Denis Mercier est lui président du conseil d'administration de l'École de l'air qui forme des officiers de l'Armée de l'air et de l'espace. Il remarque dans la même veine : "Ces dernières années, nous étions focalisés sur l'objectif de fabriquer plus d'avions et plus vite. Les évolutions actuelles vont réellement contribuer à changer le monde."
Les industriels confiants sur leur pouvoir d'attraction
Un constat partagé un peu plus tôt lors du Paris Air Forum par Patrick Ky, directeur exécutif de l'AESA, l'agence européenne de la sécurité aérienne. Ce dernier a souligné "le buzz suscité par les trois concepts d'avions à hydrogène d'Airbus", avant de livrer une anecdote personnelle. "J'ai deux fils en école d'ingénieurs et ils adorent ces projets. Avoir un avion vert fait rêver et cela va susciter beaucoup de vocations chez les jeunes", pense-t-il.
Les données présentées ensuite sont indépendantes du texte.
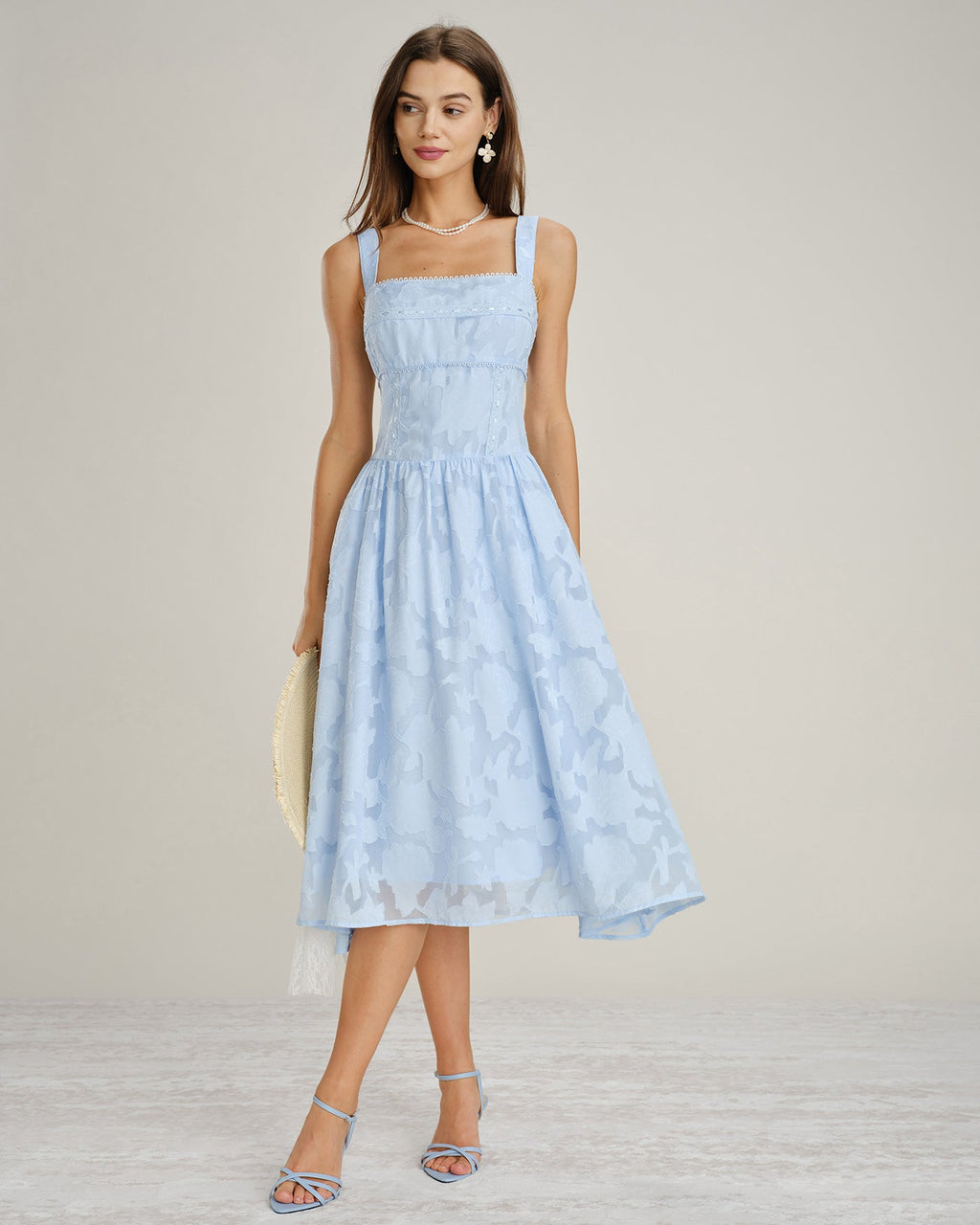 Vestido midi azul de invitada con jacquard floral tejido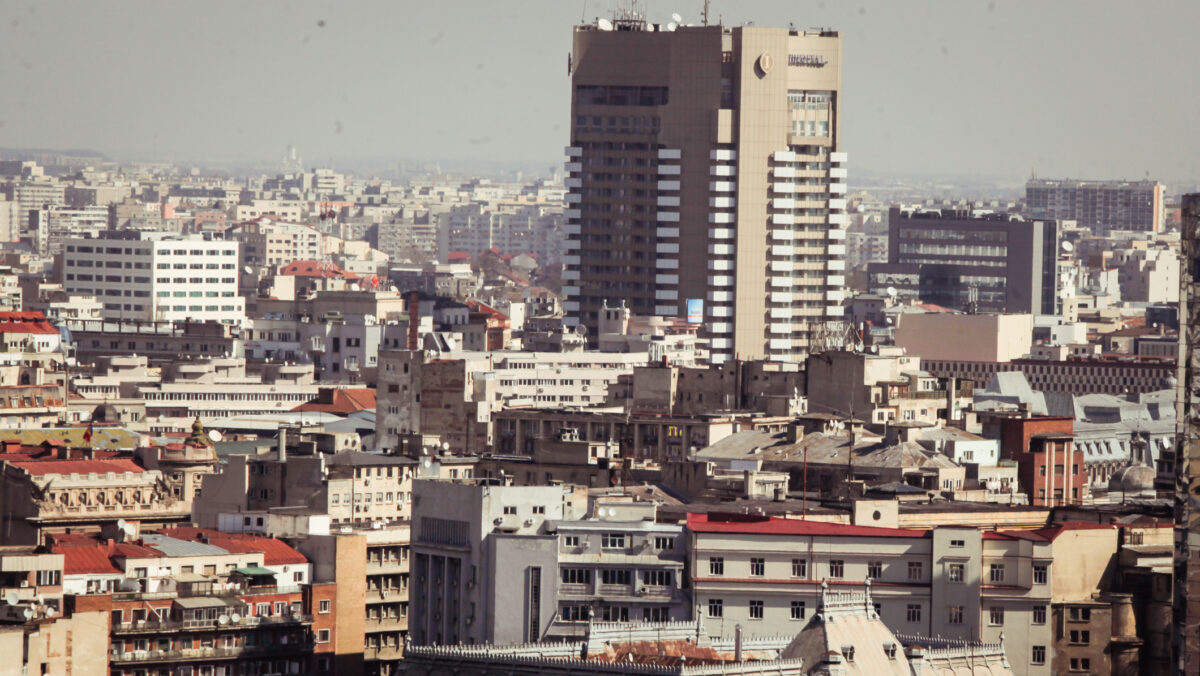 blocuri, case, locuințe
Même son de cloche du côté d'Olivier Andriès, le directeur général de Safran. "L'aviation a été régulièrement attaquée. Le fait que nous nous engagions vers des avions à hydrogène, des moteurs moins énergivores, cela nous permet de dire : 'Venez chez nous, vous serez acteur de la décarbonation et non pas à l'extérieur, à critiquer".
Pour Guillaume Faury, le directeur général d'Airbus, l'enjeu n'est pas de "réenchanter l'aviation qui génère toujours de la fascination chez beaucoup de gens". "Airbus est restée en 2020 l'entreprise préférée en sortie d'école d'ingénieurs", rappelle-t-il. Mais pour le patron de l'avionneur européen, "le fait de préparer l'aviation décarbonée permet de réconcilier deux impératifs : continuer de voler et respecter la planète".